Listed entries START
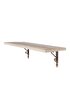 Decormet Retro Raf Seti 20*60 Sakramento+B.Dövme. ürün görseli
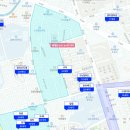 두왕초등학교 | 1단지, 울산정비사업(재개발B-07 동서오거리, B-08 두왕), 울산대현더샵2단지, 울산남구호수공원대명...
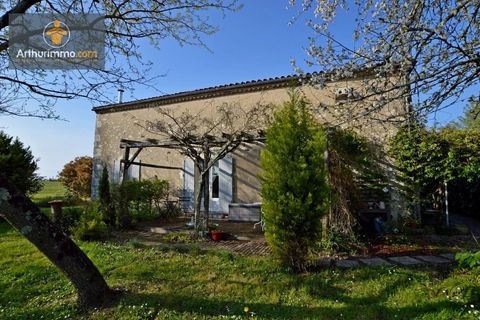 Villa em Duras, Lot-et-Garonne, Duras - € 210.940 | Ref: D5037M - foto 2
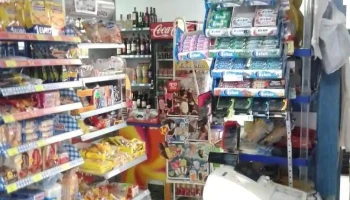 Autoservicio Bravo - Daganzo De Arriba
Listed entries END
Listed entries START
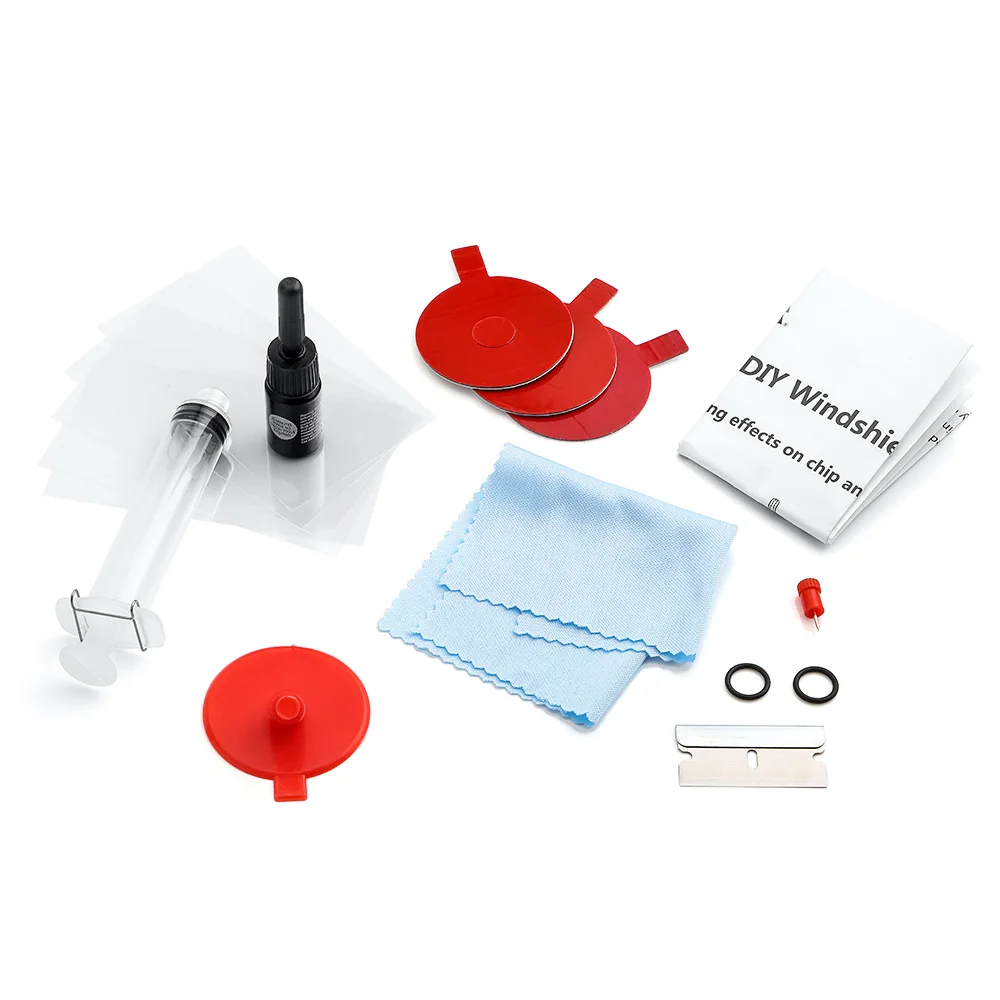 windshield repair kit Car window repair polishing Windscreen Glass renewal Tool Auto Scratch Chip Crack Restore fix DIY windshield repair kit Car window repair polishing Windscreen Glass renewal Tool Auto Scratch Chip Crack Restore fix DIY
Listed entries END
Work instructions:
Pictures excluded, transcribe the listing above exactly from the line with "Villa em Duras, Lot-et-Garonne, Duras" through the line with "Autoservicio Bravo - Daganzo De Arriba", and no further.

Solution for this task:
 Villa em Duras, Lot-et-Garonne, Duras - € 210.940 | Ref: D5037M - foto 2
 Autoservicio Bravo - Daganzo De Arriba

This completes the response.